White passing privilege is entrenched in colorism, which is defined by Alice Walker in her book “In Search of Our Mothers’ Gardens” as the “prejudicial or preferential treatment of same-race people based solely on their color.” In the U.S., the history of colorism can be traced back to slavery, when lighter-skinned enslaved people would often work in the house as servants and cooks, whereas darker-skinned enslaved individuals were normally forced to work in the fields.
Colorism is also perpetuated by the Eurocentric beauty standards that penetrate different communities. Light skin is idealized most prominently in communities of color and associated with higher socioeconomic status, less damaging racial stereotypes and desirability. Skin lightening products — a billion-dollar industry — are a global commodity. For instance, Unilever’s Fair and Lovely skin lightening cream is rampantly advertised and purchased throughout Southeast Asia.
Young women of color are particularly influenced by Eurocentric standards that sell acceptance and desirability. White women still dominate fashion and media, and so do white beauty standards. Therefore, it is not a coincidence that the most well-known women of color considered beautiful — such as Zendaya, Jennifer Lopez and Rihanna — have lighter skin and straight hair.
However, white passing privilege is not the same as white privilege. People who are white passing are considered so because they contradict the narrow racial stereotypes perpetuated by white people, and, as Niloufar Haidari notes, these “borders of whiteness are policed often in self-interest rather than out of genuine attempts by inclusivity.”
The concept of white passing, which is inherently defined by and centered around white people, implies that a white passing person’s experiences are invalid because they fall into the strict external definitions of “whiteness.” Moreover, this implication dismisses an individual’s heritage and culture solely due to their white-resembling appearance. Skin color is only one aspect of a person’s race and ethnicity, which affects and includes their class, cultural traditions and political beliefs.

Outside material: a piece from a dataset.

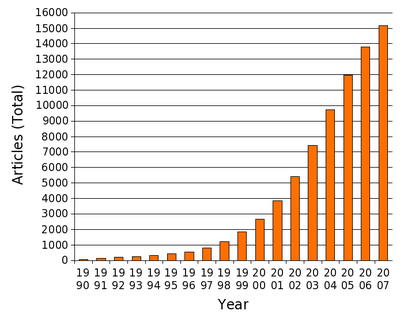 Running total of the number of research papers listed on PubMed from 1990-2007 containing the word "phytotherapy."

Moreover, the standards that define “whiteness” are not solely based on skin color, but instead change over time to implicate the power of certain groups and the simultaneous disenfranchisement of others. For example, prior to 9/11, Iranians were usually considered “white” by white Americans, but increased Islamophobia altered the social perception and treatment of Iranian-Americans. Iranian-Americans are often detained for “extra security measures” at airports or prevented from entering the U.S. without a travel visa if they had visited Iraq within the past five years. Although the definition of whiteness is fluid, it has always signified superiority and privilege within an unfair system designed to benefit its subjugators at the undeniable cost of marginalized communities.
Our feminism must be increasingly intersectional, or cognizant of the differences in oppression people face due to their race, gender, sexual orientation, class and other factors. Individuals must recognize their privilege, even if they experience oppression due to other aspects of their identity, and use this privilege to speak up for those who do not have the power to do so.